Just Playlists—Android Music Player for M3U Playlists

There are quite a few nice general-purpose music players for the Android operating system.  But I couldn’t find one that was lightweight and implemented playlist shuffling the way I wanted it to.  A “proper” playlist shuffle for me is shuffling the list of tracks as found in the playlist and then playing the shuffled list from first track to last track.  This means that no track will be played again until all tracks in the shuffled list have been played.  Most the Android players I’ve tried simply do random play—that is, they randomly pick tracks from the playlist and thus will end up with repeats before all tracks are played.

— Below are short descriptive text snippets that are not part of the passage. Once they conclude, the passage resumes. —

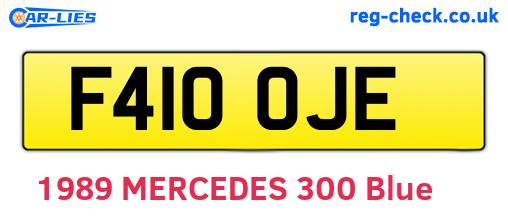 F410OJE are the vehicle registration plates.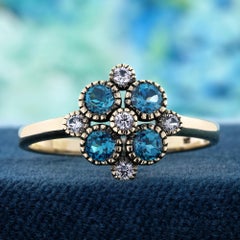 9K Yellow Gold Solid London Blue Topaz and Sapphire Vintage Style Floral Ring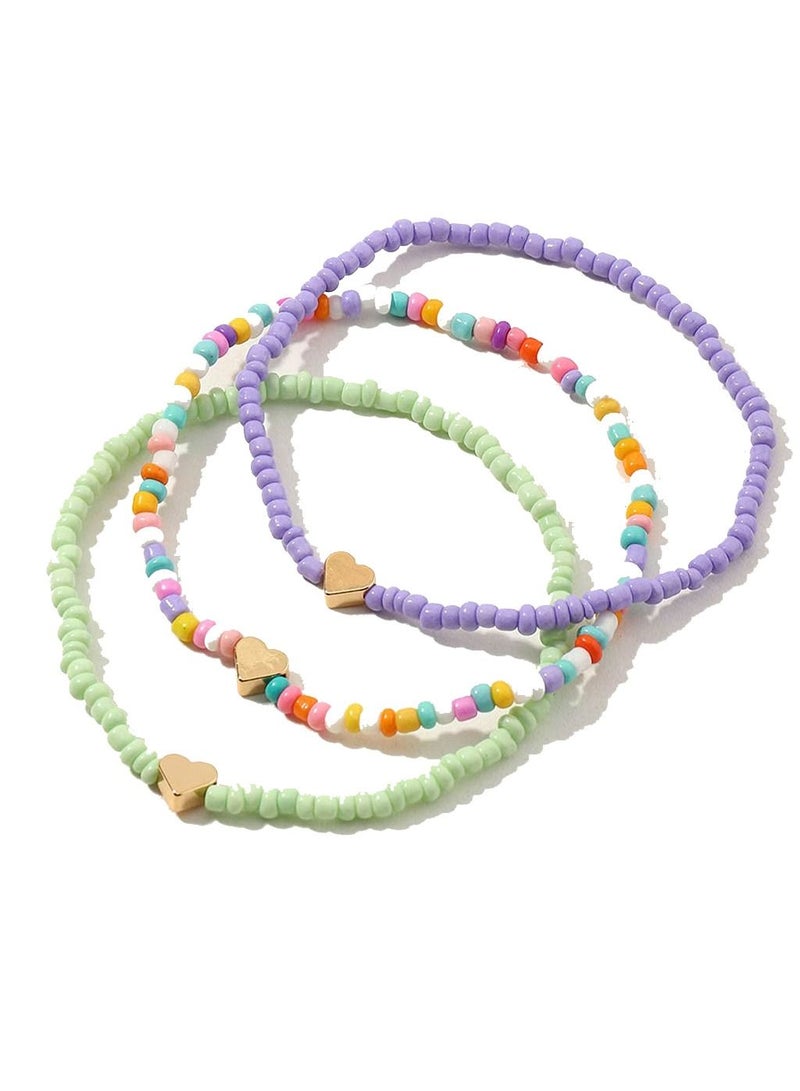 KASTWAVE Boho Beads Multilayered Love Heart Women Anklets Colorful Women Ankle Bracelets Beaded Bracelet Elastic Foot and Hand Chain Jewelry (3PCS) - Image 3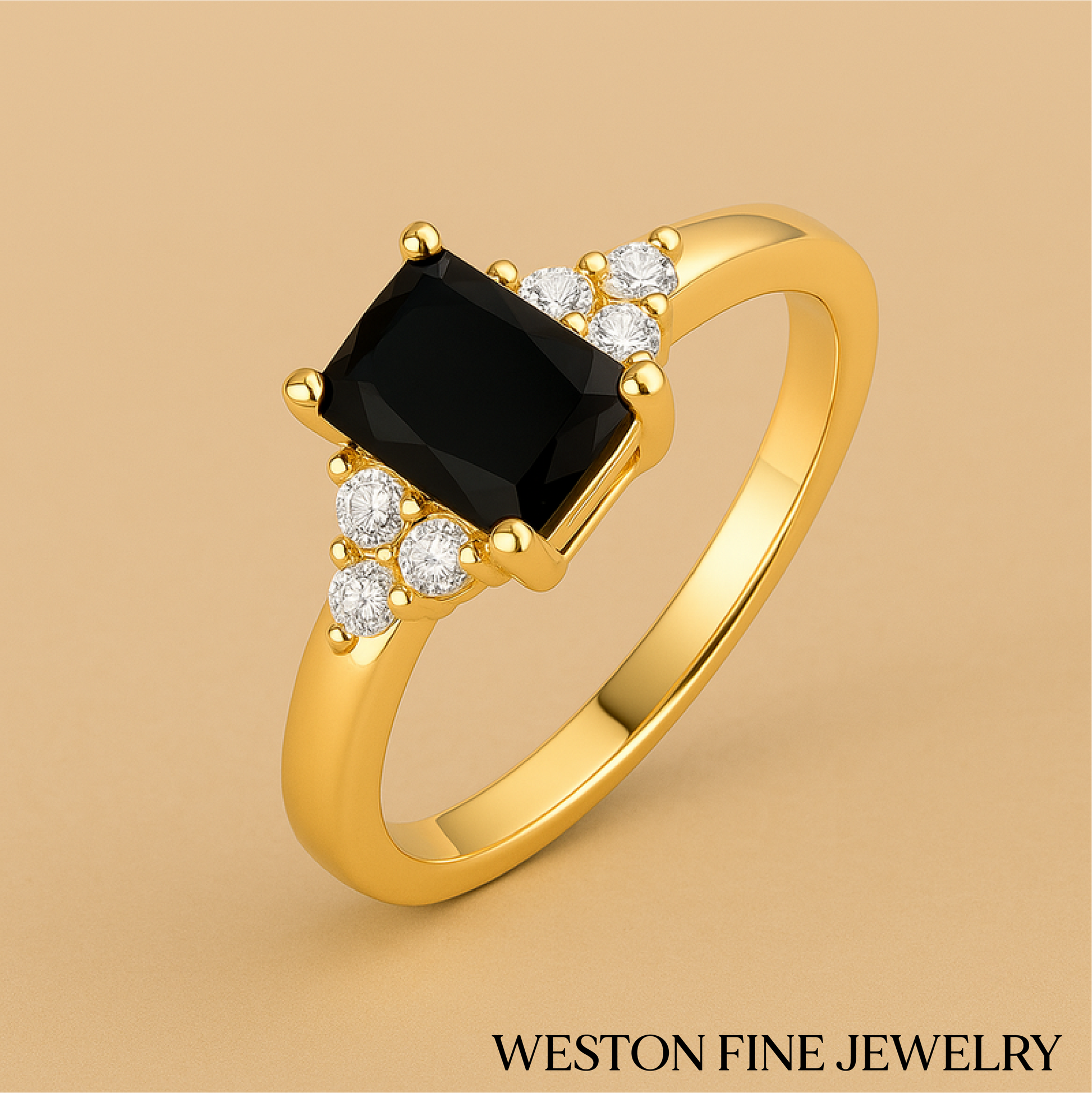 Baguette-Cut Black Spinel Ring in 14k Gold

That’s why I ended up writing the “Just Playlists” music player for Android.  It’s not meant to be a replacement for the other music players and doesn’t have the sophisticated features they do.  But it does shuffle playlists as described above.  Here’s a complete list of the important features of the program:

  • User choice of loading the playlists in given order or as randomly shuffled.
  • A shuffled playlist is read from first to last track and thus doesn’t repeat any tracks before all tracks have been played.  Upon getting to the end of the playlist, play continues at the beginning of the list.
  • The current track, current position in the track, and track order are saved for each loaded playlist.  Thus, the user can switch between playlists and always return to the same spot in each playlist.
  • The music player interface is very simple, with maximal space being given to the album artwork.
  • Android’s media database is queried for tag and artwork information.  Thus, any media that Android can scan and store data for will return information for the program to display.
  • The user can use the “Touch” menu option to for the currently-loaded playlist, which causes it to be reloaded from the microSD card, with the choice of a new shuffle or unshuffled.
  • If a playlist file is changed by the user, the program detects this and reloads it as if it’s a new playlist.
  • The user creates playlists outside of the program in M3U format and then loads them to the microSD card.  An M3U playlist is a text file with one track file name per line.  Track file names can be complete Unix-style file paths to the location of music files anywhere on the microSD card.
  • If a phone call comes in, the player will pause during the call and then resume afterward.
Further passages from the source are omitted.